[Brief descriptive captions]
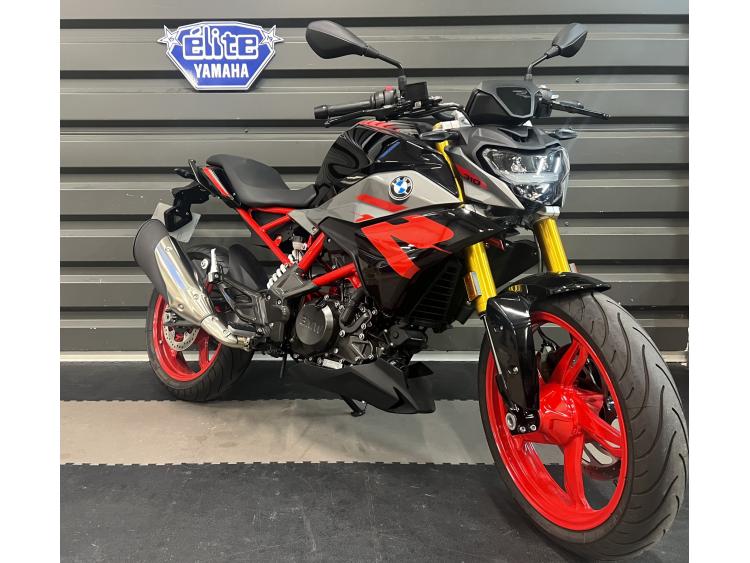 BMW G 310 R 2025 - Livraison 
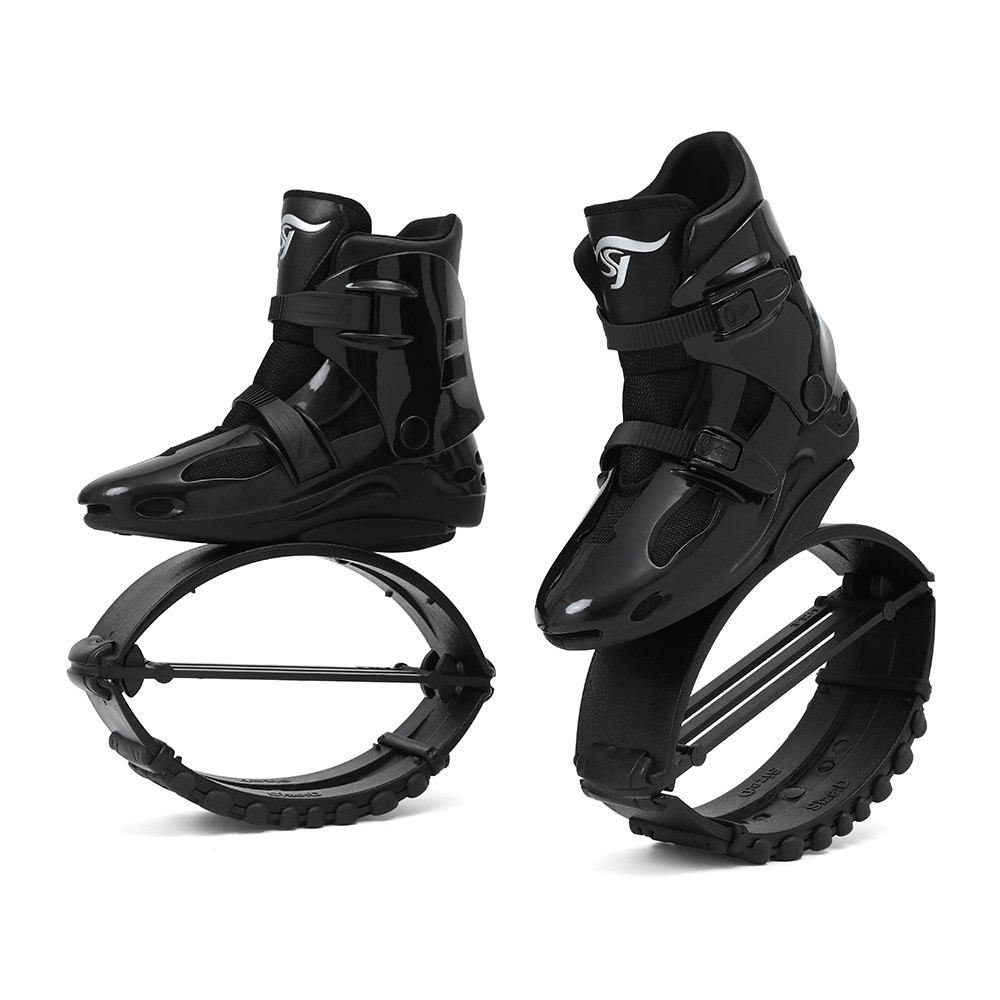 รองเท้าออกกําลังกายฤดูใบไม้ผลิสําหรับผู้ใหญ่ - Toning & Training Jump Boots, Bounce Workout Shoes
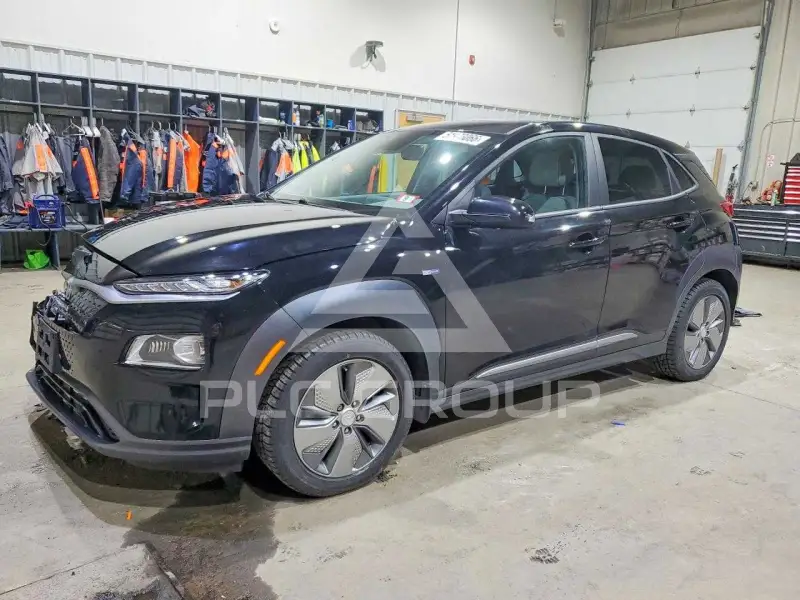 2020 Hyundai Kona фото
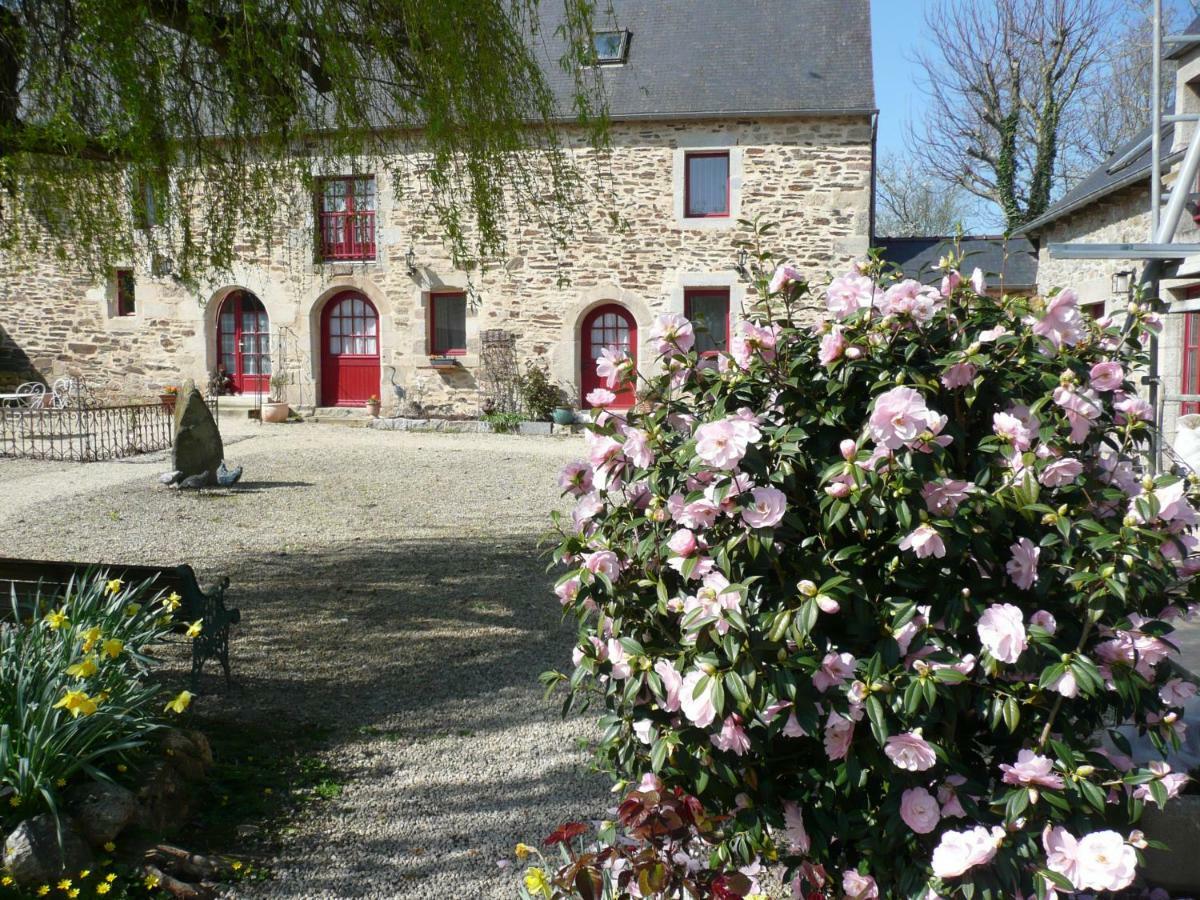 B&B Dinan La Priquetais Trévron 外观 照片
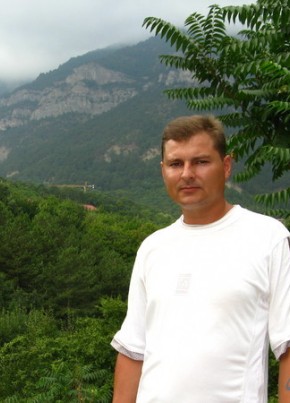 Eduard, 49, Україна, Дніпро
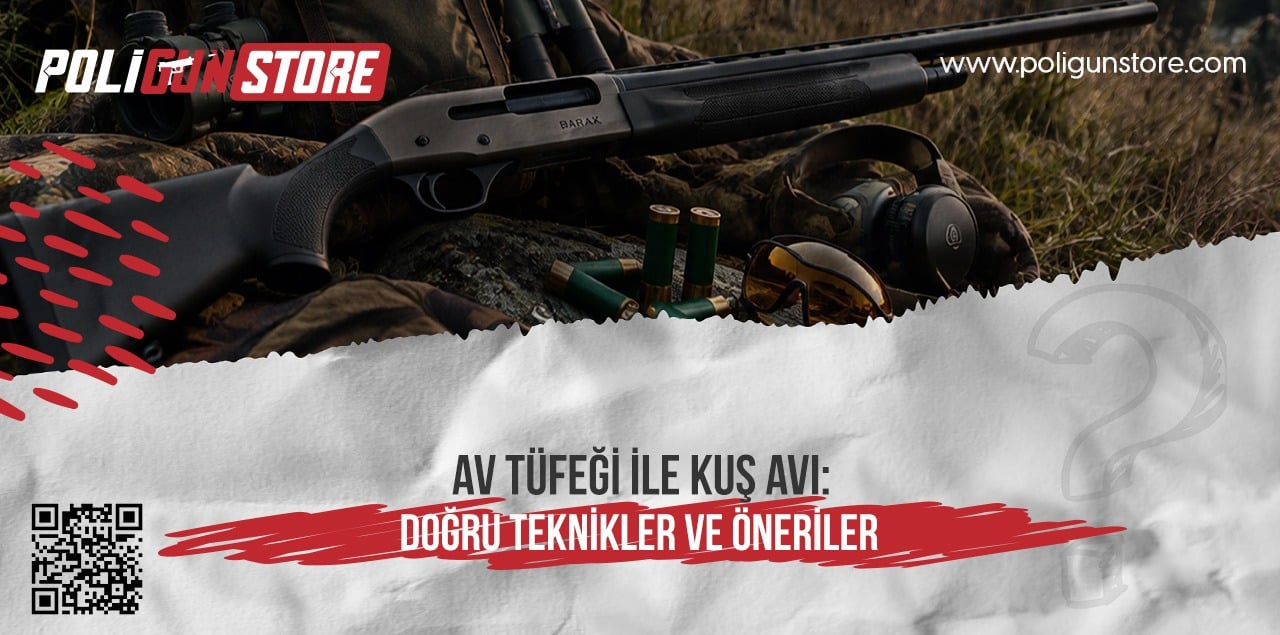 Av Tüfeği ile Kuş Avı: Doğru Teknikler ve Öneriler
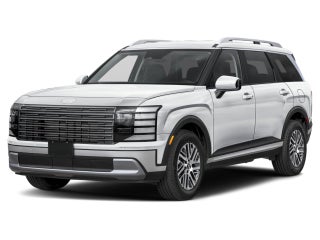 2027 Hyundai PALISADE SEL 7P FWD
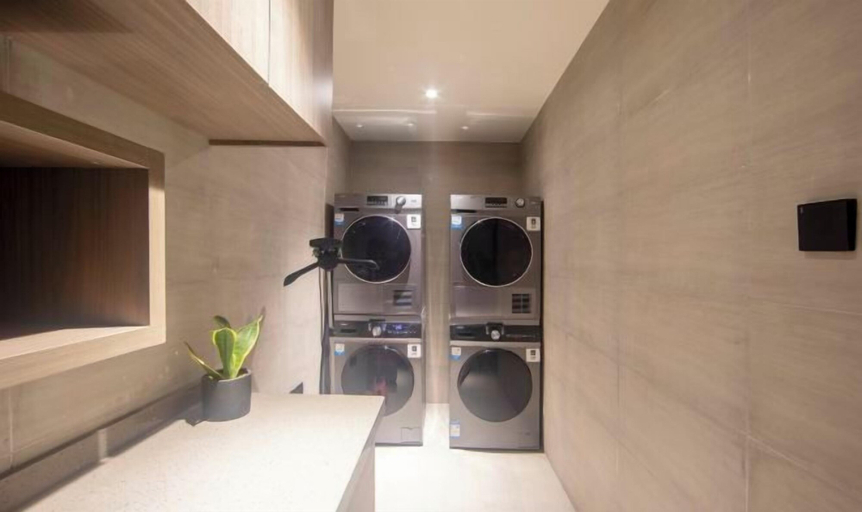 Bathroom, HanTing Hotel (Zhengzhou Zijingshan Subway Station), Zhengzhou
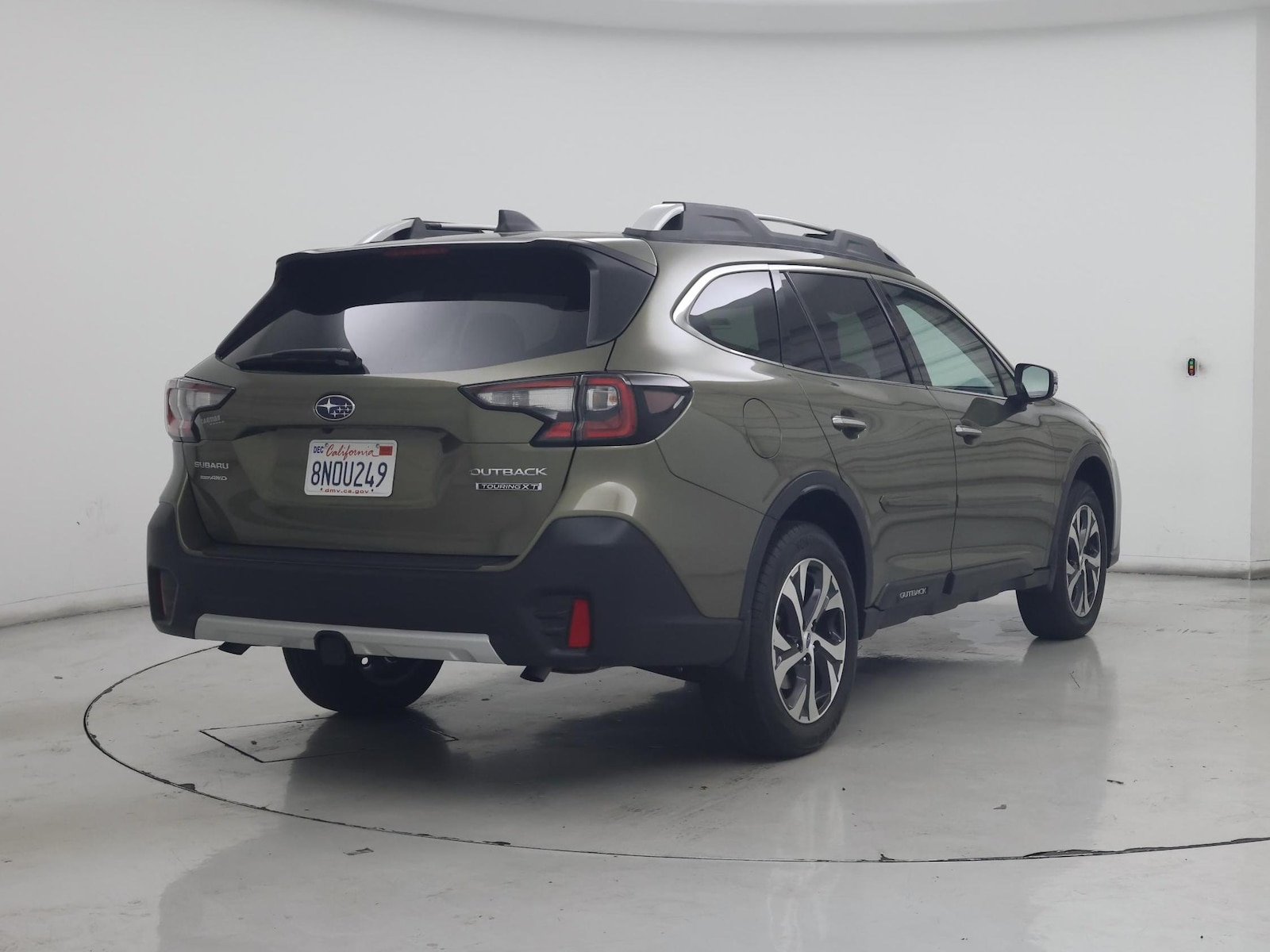 2020 Subaru Outback Touring - Photo 9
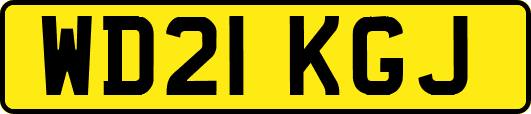 WD21KGJ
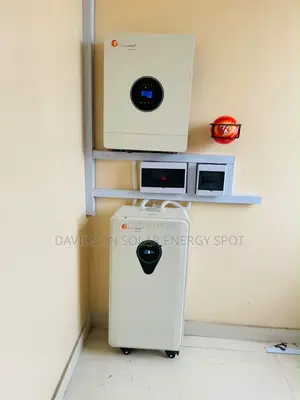 12kVA Felicity Hybrid Inverter with 17.5kW Solar Lithium Battery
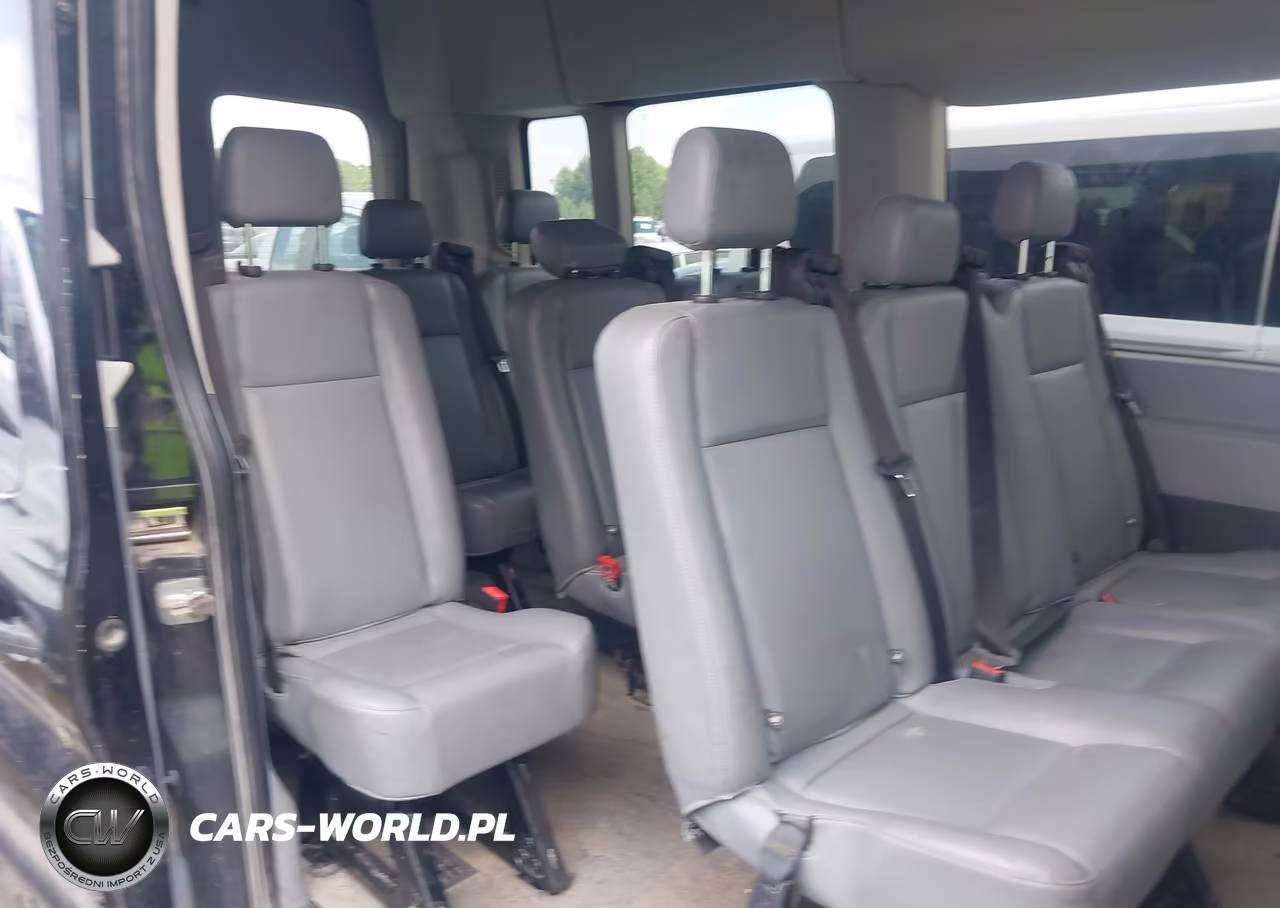 2017 Ford Transit-350 Xl VIN:1FBAX2XM6HKB26663 - 8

* [Aim of the task]:
Exact copies of the lines from the one containing "2027 Hyundai PALISADE SEL 7P FWD" through the end of the records above are required, with no pictures among them.

* [Task output]:
 2027 Hyundai PALISADE SEL 7P FWD
 Bathroom, HanTing Hotel (Zhengzhou Zijingshan Subway Station), Zhengzhou
 2020 Subaru Outback Touring - Photo 9
 WD21KGJ
 12kVA Felicity Hybrid Inverter with 17.5kW Solar Lithium Battery
 2017 Ford Transit-350 Xl VIN:1FBAX2XM6HKB26663 - 8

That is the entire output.